Folio: The Magazine for Magazine Management, July 15, 1998 by Dzintars Dzilna

In a unique arrangement, Duke gives his MIS consultant, Alexis Rocherolle, a commission on Web banners that Rocherolle sells. Rocherolle, director of online development for Triathlete, is president of WebSPIN Technologies Inc., a Web development company headquartered in La Jolla, California.

Duke is confident that the site is profitable. Revenues include advertising (under $10,000 per month, compared to print ads at $130,000 per month) and subscription generation (on average, 11 per day, many of which are from international readers and can be charged at a premium, according to Duke). The site also generates intangible savings for the print title in areas such as customer service and renewals.

What does it all amount to? Duke admits that it would be difficult to quantify: "It would cost me more than it's worth to sit down and put a pencil to it. I just know that I'm bringing in revenue, I'm providing service, I'm getting interaction, and I'm getting readers. At the end of the day, more dollars are coming in than are going out."

Advertising and content

AdAge.com's main profit-driver is an old friend--advertising. Web ads, mainly banners and sponsorships, account for 80 percent of the Web site's revenue today. Vice president/publisher Edward R. Erhardt says Web ad revenues approach $1 million annually. "We're able to get a lot of advertising revenue, primarily aimed at the daily news environments because the news is fresh," he says.

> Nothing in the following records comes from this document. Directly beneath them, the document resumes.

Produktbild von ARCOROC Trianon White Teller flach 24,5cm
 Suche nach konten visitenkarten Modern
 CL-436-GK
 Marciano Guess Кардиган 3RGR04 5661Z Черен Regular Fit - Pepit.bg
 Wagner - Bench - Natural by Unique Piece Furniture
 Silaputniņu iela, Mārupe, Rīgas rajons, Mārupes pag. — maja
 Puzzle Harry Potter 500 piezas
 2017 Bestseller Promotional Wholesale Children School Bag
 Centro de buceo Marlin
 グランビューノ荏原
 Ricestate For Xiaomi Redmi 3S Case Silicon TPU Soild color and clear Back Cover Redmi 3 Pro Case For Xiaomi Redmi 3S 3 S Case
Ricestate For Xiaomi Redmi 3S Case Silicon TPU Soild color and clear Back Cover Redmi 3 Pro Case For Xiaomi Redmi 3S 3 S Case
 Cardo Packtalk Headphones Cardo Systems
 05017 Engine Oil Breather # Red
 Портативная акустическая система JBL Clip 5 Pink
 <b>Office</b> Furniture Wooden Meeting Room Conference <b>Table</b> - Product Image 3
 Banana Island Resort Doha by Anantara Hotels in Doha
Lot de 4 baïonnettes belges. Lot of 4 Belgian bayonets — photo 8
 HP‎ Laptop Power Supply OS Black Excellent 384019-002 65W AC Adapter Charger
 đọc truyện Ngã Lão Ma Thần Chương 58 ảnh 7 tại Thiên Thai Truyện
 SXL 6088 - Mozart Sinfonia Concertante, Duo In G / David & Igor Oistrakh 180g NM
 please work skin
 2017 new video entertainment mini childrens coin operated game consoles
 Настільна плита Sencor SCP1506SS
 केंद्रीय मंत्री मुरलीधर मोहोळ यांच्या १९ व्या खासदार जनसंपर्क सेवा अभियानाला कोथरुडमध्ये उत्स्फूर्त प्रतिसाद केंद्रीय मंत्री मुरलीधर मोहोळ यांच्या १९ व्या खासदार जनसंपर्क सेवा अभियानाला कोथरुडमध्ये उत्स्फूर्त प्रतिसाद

Erhardt is betting--and winning--that timely content is still king. "The only way that [Web advertising] will continue to grow is if the publishers deliver a product of news and information that the target audience can't get anywhere else," he says. The site hosts three news "desks," all with material unavailable in the printed magazines. There is Daily Deadline, with short blurbs of industry news; Interactive Daily. with news and links for more information; and International Daily, which provides expanded stories about events abroad.

Content for the Web site comes from staffers who have been writing for the company's fax and Daily World Wire services. They now write and disseminate roughly 90 items daily. "About 30 of them are up on the Web, 20 are on the fax, and 60 of them are on the World Wire," says Erhardt.

World Wire is an e-mail service that corporate clients subscribe to on a proprietary basis. The subscriptions are sold in site licenses and can cost upwards of $10,000. Subscription revenues from World Wire are considered part of AdAge.com's total revenue base and count as the site's second most important profit driver, according to the company.

The site has a wide range of ad deals, including an "area anchor sponsorship" that gives a client constant presence in a particular area for a specific amount of time--monthly, quarterly or annually. Anchors, including clients like DoubleClick and WebConnect, account for approximately 15 to 20 percent of the site's ad revenue. Rates for banner rotations vary, depending on which pages they are positioned on, and how much the advertiser spends on print advertising.